The first time this happened – a few weeks ago – I was planting sunflowers in my garden. I felt a tap against my low back. At first, I thought: “Strange. A silent neighbor with aggressive touch? A stranger on our block wanting attention?”
Then I heard a whoosh and witnessed the black wings fly above and away.
The second time I was divebombed, I was pruning. The King Crow flapped away to the top of our Doug Fir. I shook my fist. “Hey…you are not the boss of me!” I shouted at him.
I am not the only one in our household who has been divebombed. I cautioned my husband to at least wear a bike helmet while mowing the lawn. He has been strafed by a Corvid four or five times in the last week.
We’ve laughed over these incidents. How cool – what are the crows trying to tell us?
But I do not feel as comfortable while gardening.
To quell my angst, my husband shared an article by Lyanda Haupt, author of Crow Planet. Her blog piece in The Tangled Nest says that crows will divebomb in spring and that the behavior is linked to protecting their nestlings.
Small fry birds with sweet little nests can hide in shadowy corners, and more easily escape human detection.

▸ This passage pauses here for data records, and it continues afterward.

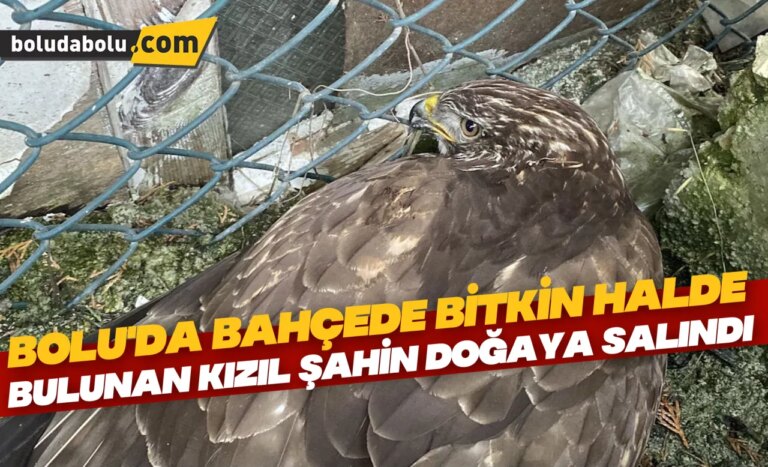 Bolu’da bahçede bitkin halde bulunan kızıl şahin doğaya salındı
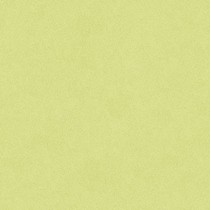 Bardelli Colore & Colore b8 Салатовый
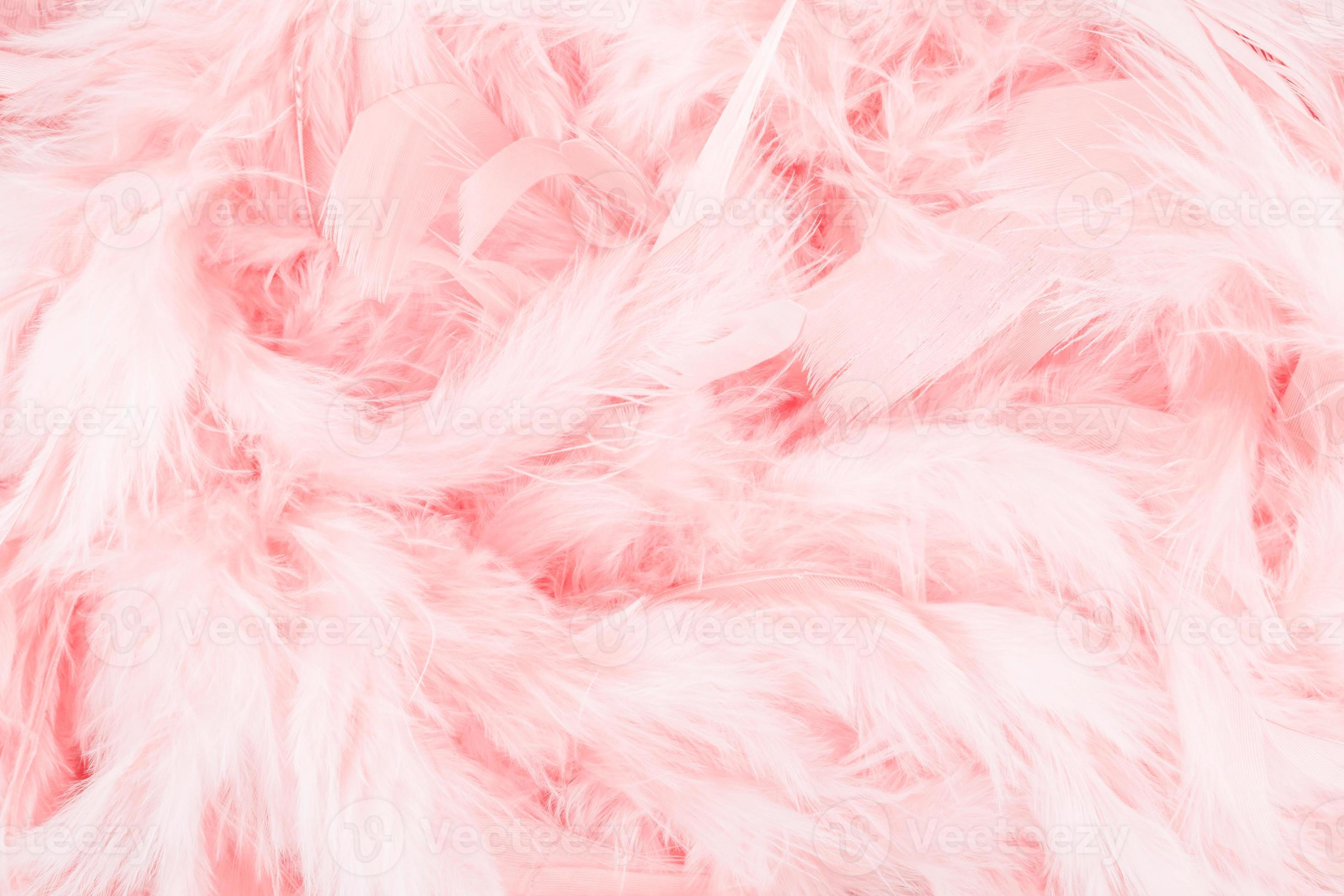 Pink feather background 1251039 Stock Photo at Vecteezy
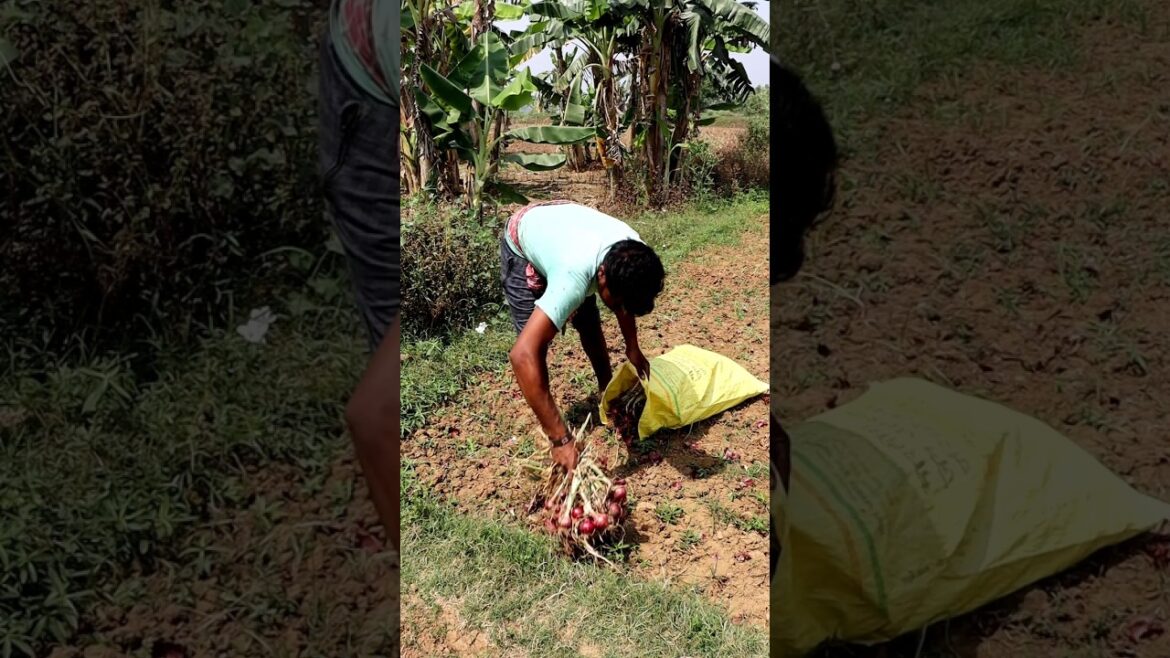 Taking Care of Harvested Onion #shorts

Not so with the crows. Being loud and bulky, they are at a disadvantage as nesters. We humans are on their radar.
Haupt is not a crow apologist, but asks us to consider matters from the complicated standpoint of an urban nesting crow parent. It’s spring. Give them a break.
She reminds us that once the fledgling is grown, the divebombing will stop. Soon the crows will turn their gaze towards the raptors – eagles, hawks, owls – to protect their kin.
Nature sure is wild. Would that some human families take such good care of their young.
So there you have it. No longer will I curse the crow. But I might just shop for a CORVID mask to disguise myself and keep a bicycle helmet handy.